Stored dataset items
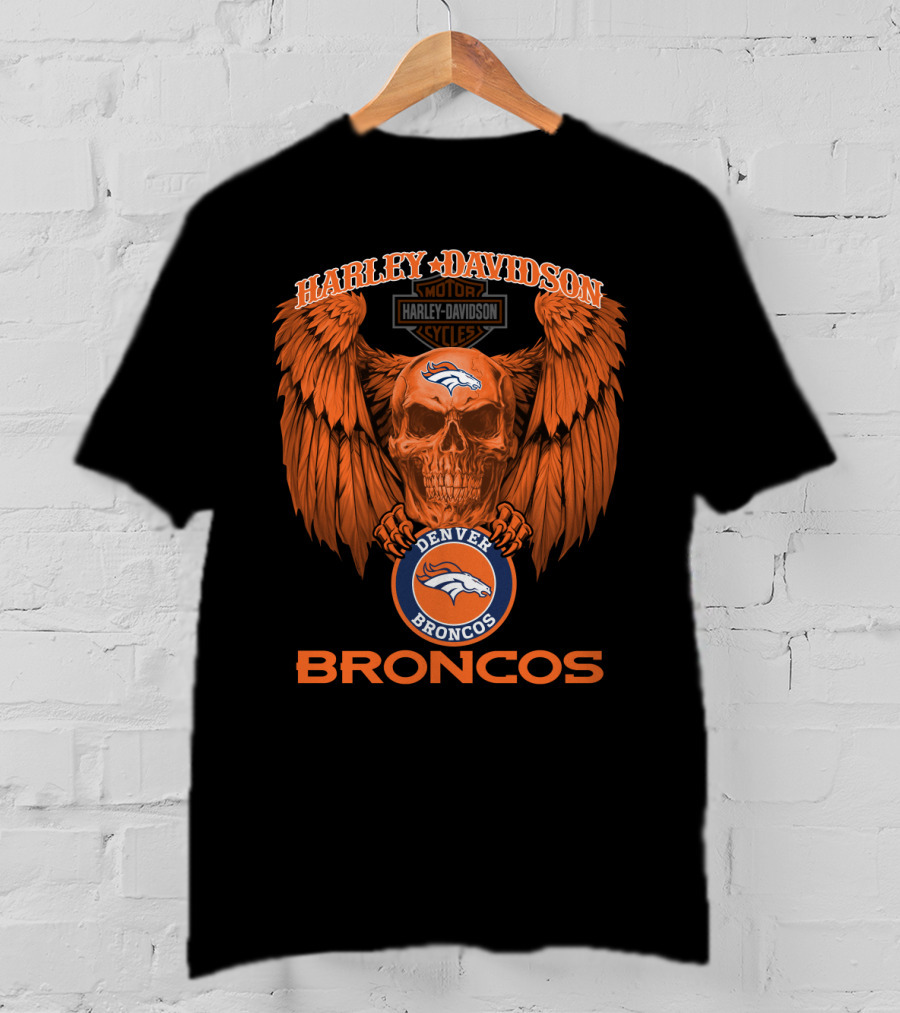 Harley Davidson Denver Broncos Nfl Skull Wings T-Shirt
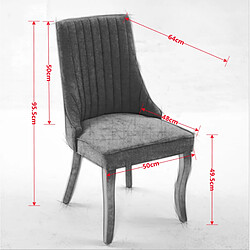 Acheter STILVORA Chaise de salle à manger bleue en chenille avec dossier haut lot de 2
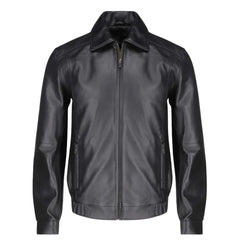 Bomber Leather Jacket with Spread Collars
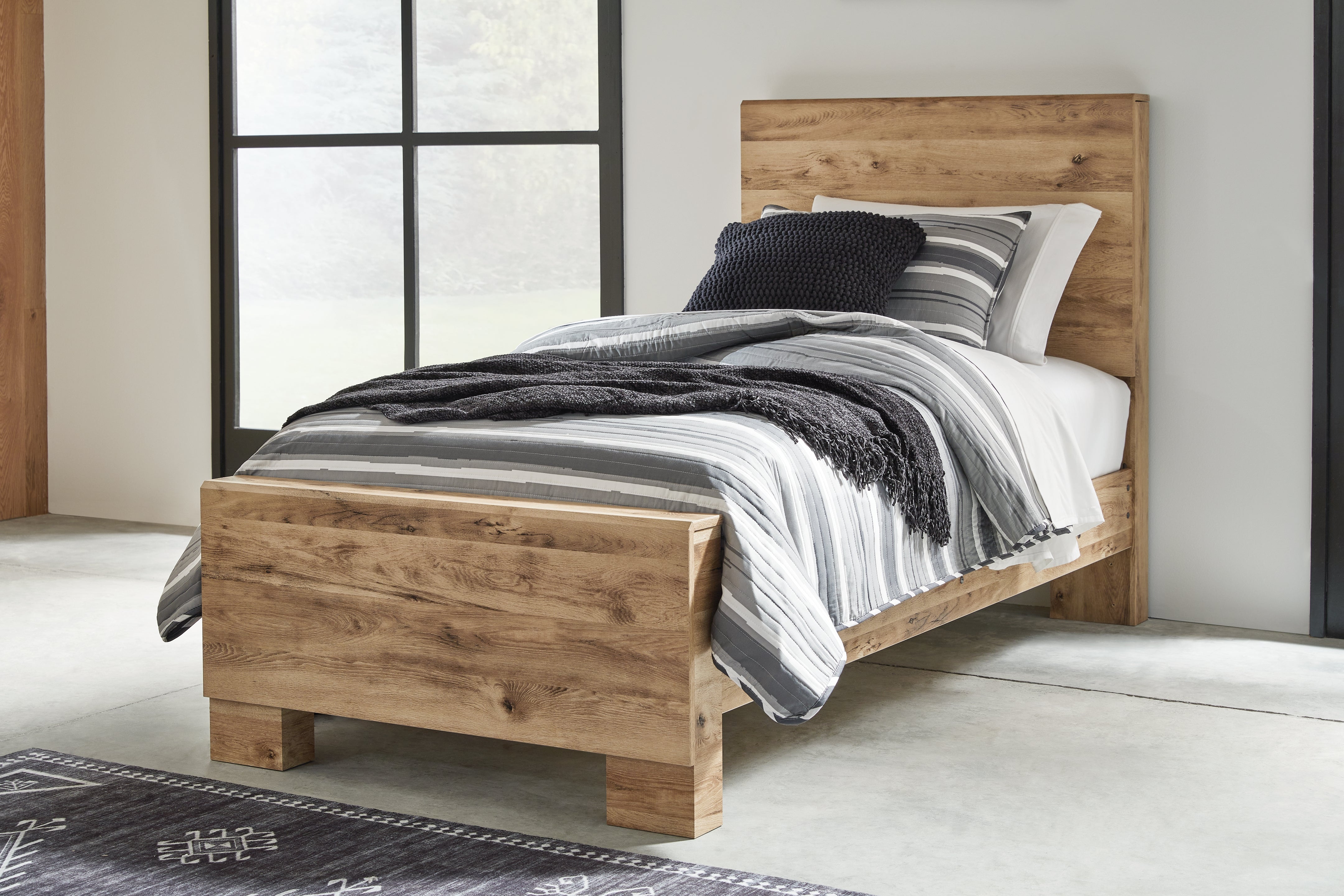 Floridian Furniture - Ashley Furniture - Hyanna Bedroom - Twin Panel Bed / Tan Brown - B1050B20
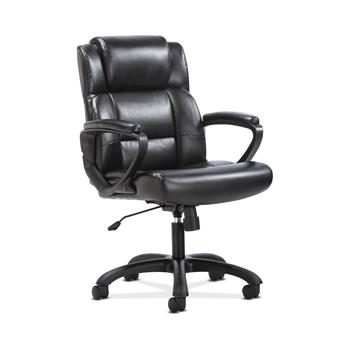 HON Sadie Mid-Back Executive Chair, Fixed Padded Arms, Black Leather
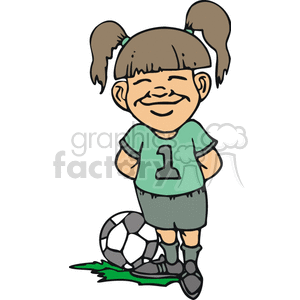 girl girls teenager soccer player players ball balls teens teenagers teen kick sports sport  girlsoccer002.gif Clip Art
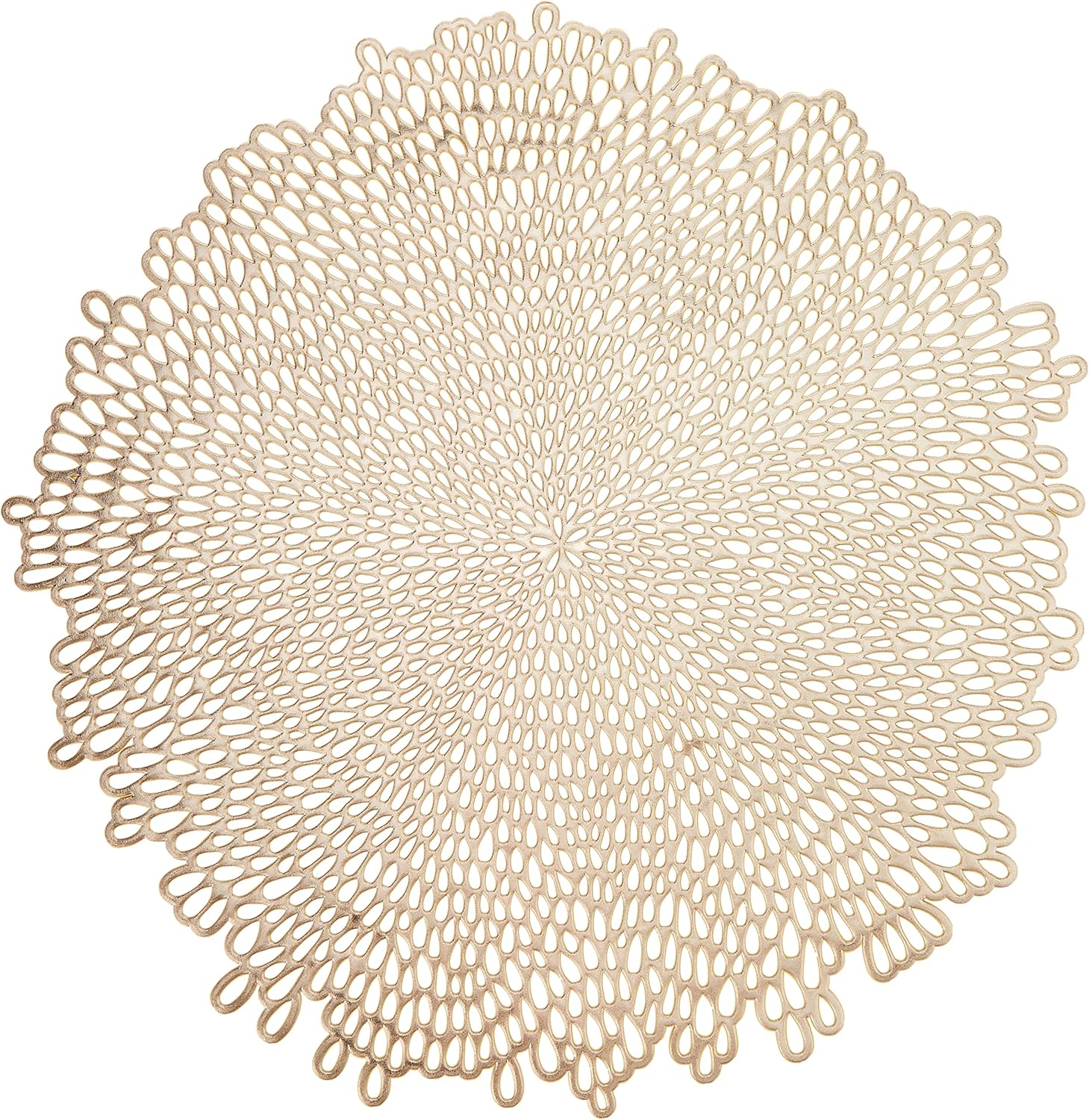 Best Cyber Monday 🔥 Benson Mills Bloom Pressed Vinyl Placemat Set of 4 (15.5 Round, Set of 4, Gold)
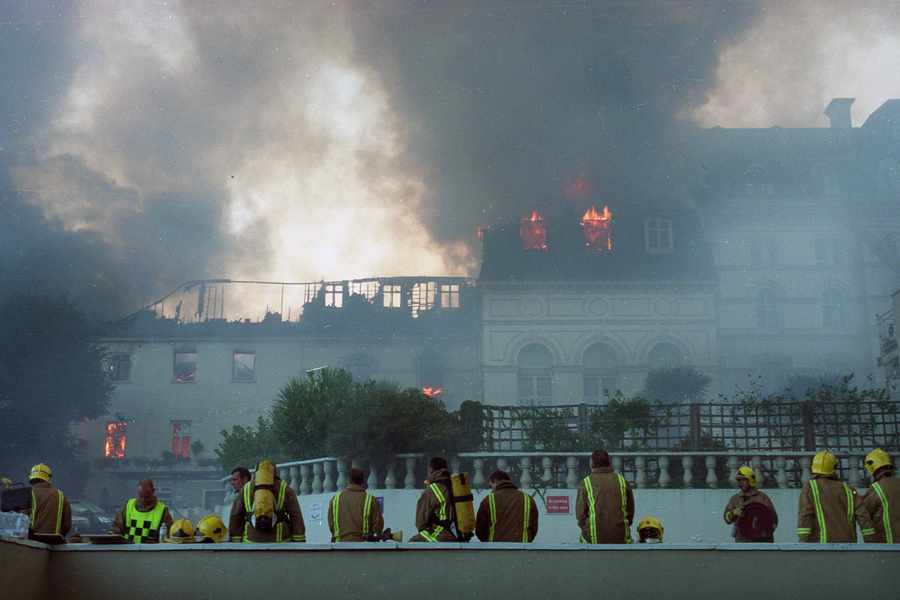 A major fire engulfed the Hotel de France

*What you should do*
Omit the pictures, then extract verbatim only those lines that fall between the line containing "girl girls teenager" and the final line of the records above, both included.

*Written answer*
 girl girls teenager soccer player players ball balls teens teenagers teen kick sports sport  girlsoccer002.gif Clip Art
 Best Cyber Monday 🔥 Benson Mills Bloom Pressed Vinyl Placemat Set of 4 (15.5 Round, Set of 4, Gold)
 A major fire engulfed the Hotel de France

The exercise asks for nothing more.